# Math Help - At what point on the given curve is the tangent line parallel to the line 3x - y = 3?

1. ## At what point on the given curve is the tangent line parallel to the line 3x - y = 3?

At what point on the given curve is the tangent line parallel to the line 3x - y = 3?

y = 2 + 2ex3x

get x and y.

what I did so far:

rearranged 3x=y=3 to get y=3x-3, which shows the slope is 3, so i need to find where my tangent line has a slope of 3 on the line 2+2e^x-3 i think.
How would i proceed? Thanks.

2. Originally Posted by Evan.Kimia
At what point on the given curve is the tangent line parallel to the line 3x - y = 3?

y = 2 + 2ex3x

get x and y.

what I did so far:

rearranged 3x=y=3 to get y=3x-3, which shows the slope is 3, so i need to find where my tangent line has a slope of 3 on the line 2+2e^x-3 i think.
How would i proceed? Thanks.
It is commonly known that if everything is permissable (defined, differentiable, etc.) the slope of the tangent line at $x=x_0$ for a function $f(x)$ is just $f'(x_0)$

So you want to find the point $x_0$ such that $\frac{d}{dx}\left[2+2e^x-3x\right]=3$. Can you do that?

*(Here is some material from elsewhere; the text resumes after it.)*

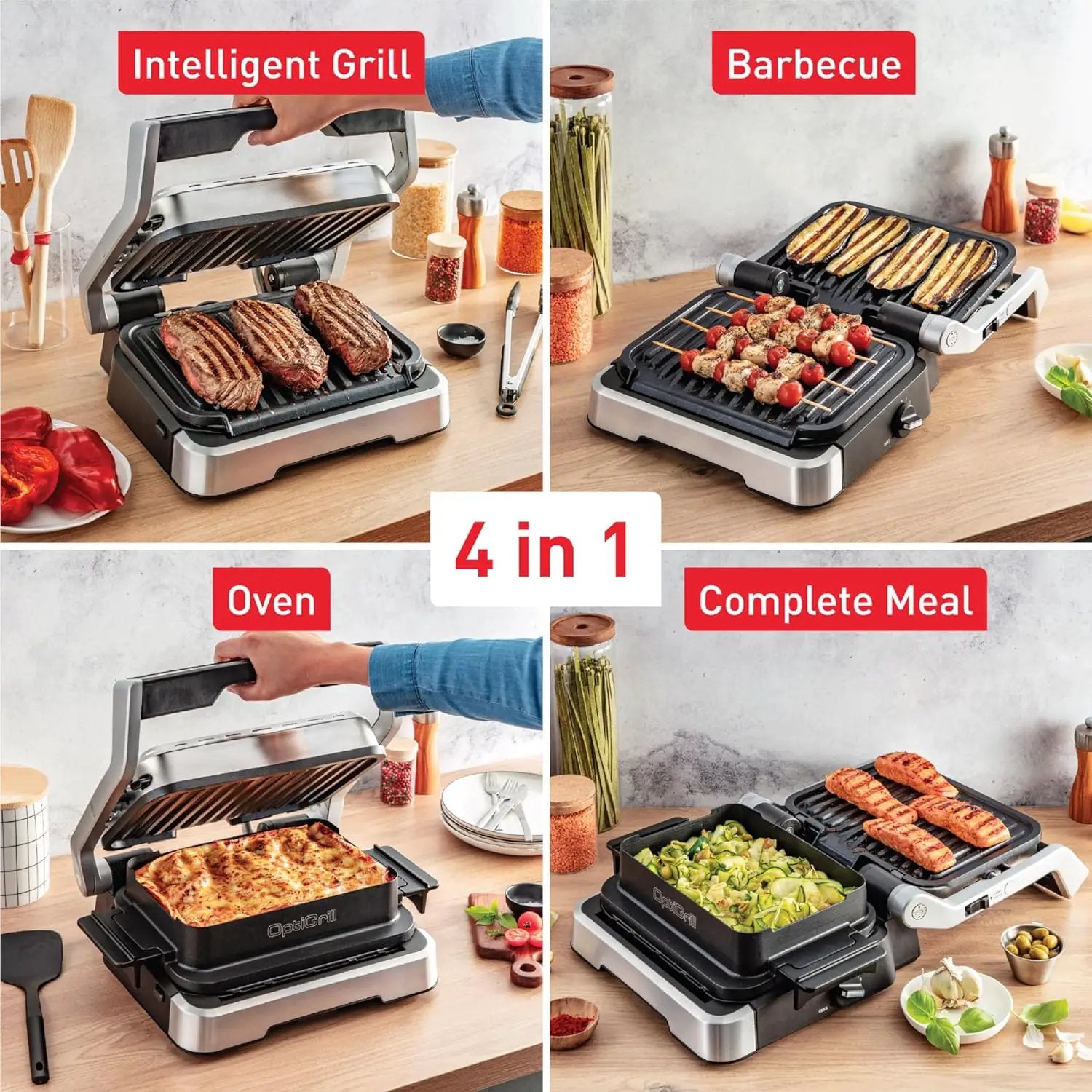 T-fal, Electric Grill, OptiGrill 4in1, Stainless Steel, 9 Automatic Cooking Modes, Intelligent Grilling Rare to Well-Done, 1800 Watts, Nonstick Removable Plates, Dishwasher Safe, Indoor, Silver by GreenHaven Gardens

3. ok, so would i do this....

find deriv. of 2+2e^x-3x

= 0 + 2e^x (product rule) -3 = 3

then add 3 both sides, get 2e^x = 6

divide by 2, get e^x=3

ln(3)=1.0986?

4. Originally Posted by Evan.Kimia
ok, so would i do this....

find deriv. of 2+2e^x-3x

= 0 + 2e^x (product rule) -3 = 3

then add 3 both sides, get 2e^x = 6

divide by 2, get e^x=3

ln(3)=1.0986?
Exactly! One minor note....how did you get $\frac{d}{dx}\left[e^x\right]=e^x$ via product rule?

5. I got it. For those who were as confused as i was, just plug in the x value into the equation of the curve to get your y value.

6. my bad, lazy typing. I mean product rule at first for 2e^x, then i know the derivative of e^x is itself, which is then multiplied by 2 according to the constant multiple rule.